Stored data Block Start

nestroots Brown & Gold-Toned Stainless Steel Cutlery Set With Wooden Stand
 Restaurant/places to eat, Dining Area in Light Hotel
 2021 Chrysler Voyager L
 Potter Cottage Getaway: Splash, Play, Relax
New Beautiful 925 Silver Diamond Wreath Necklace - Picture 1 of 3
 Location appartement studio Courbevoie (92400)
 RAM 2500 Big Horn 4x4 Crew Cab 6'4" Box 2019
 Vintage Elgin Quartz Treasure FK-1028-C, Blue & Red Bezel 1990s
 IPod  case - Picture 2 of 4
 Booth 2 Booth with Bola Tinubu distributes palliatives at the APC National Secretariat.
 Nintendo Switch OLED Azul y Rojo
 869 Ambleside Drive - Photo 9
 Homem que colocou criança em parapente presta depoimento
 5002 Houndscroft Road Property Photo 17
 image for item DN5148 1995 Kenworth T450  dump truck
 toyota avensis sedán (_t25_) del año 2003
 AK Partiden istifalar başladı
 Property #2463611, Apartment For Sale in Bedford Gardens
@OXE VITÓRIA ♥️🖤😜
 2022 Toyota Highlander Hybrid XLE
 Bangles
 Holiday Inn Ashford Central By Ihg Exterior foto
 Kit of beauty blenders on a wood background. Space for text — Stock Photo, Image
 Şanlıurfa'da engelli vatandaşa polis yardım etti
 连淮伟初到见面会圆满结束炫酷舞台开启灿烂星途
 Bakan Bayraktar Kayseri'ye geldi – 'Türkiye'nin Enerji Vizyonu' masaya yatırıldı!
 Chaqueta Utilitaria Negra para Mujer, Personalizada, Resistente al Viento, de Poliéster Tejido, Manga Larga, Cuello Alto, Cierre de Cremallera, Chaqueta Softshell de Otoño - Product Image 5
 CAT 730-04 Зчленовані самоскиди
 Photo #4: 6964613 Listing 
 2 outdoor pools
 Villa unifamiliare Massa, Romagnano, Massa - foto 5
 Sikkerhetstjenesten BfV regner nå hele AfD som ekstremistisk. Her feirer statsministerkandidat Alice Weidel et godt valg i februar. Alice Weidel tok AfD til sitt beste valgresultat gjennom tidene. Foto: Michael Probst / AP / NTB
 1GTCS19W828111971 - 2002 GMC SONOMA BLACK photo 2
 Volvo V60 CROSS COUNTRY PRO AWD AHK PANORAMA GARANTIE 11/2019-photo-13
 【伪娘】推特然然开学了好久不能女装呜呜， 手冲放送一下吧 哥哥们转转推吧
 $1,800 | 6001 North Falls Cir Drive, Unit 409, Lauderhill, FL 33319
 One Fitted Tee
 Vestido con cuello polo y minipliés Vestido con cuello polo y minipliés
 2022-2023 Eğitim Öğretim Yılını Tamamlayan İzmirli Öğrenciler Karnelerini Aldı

Stored data Block End

Work request:
The lines to set down, exactly and with both ends included, run from the one containing "Photo #4: 6964613 Listing" to the last line of the data above.

Worked solution:
 Photo #4: 6964613 Listing 
 2 outdoor pools
 Villa unifamiliare Massa, Romagnano, Massa - foto 5
 Sikkerhetstjenesten BfV regner nå hele AfD som ekstremistisk. Her feirer statsministerkandidat Alice Weidel et godt valg i februar. Alice Weidel tok AfD til sitt beste valgresultat gjennom tidene. Foto: Michael Probst / AP / NTB
 1GTCS19W828111971 - 2002 GMC SONOMA BLACK photo 2
 Volvo V60 CROSS COUNTRY PRO AWD AHK PANORAMA GARANTIE 11/2019-photo-13
 【伪娘】推特然然开学了好久不能女装呜呜， 手冲放送一下吧 哥哥们转转推吧
 $1,800 | 6001 North Falls Cir Drive, Unit 409, Lauderhill, FL 33319
 One Fitted Tee
 Vestido con cuello polo y minipliés Vestido con cuello polo y minipliés
 2022-2023 Eğitim Öğretim Yılını Tamamlayan İzmirli Öğrenciler Karnelerini Aldı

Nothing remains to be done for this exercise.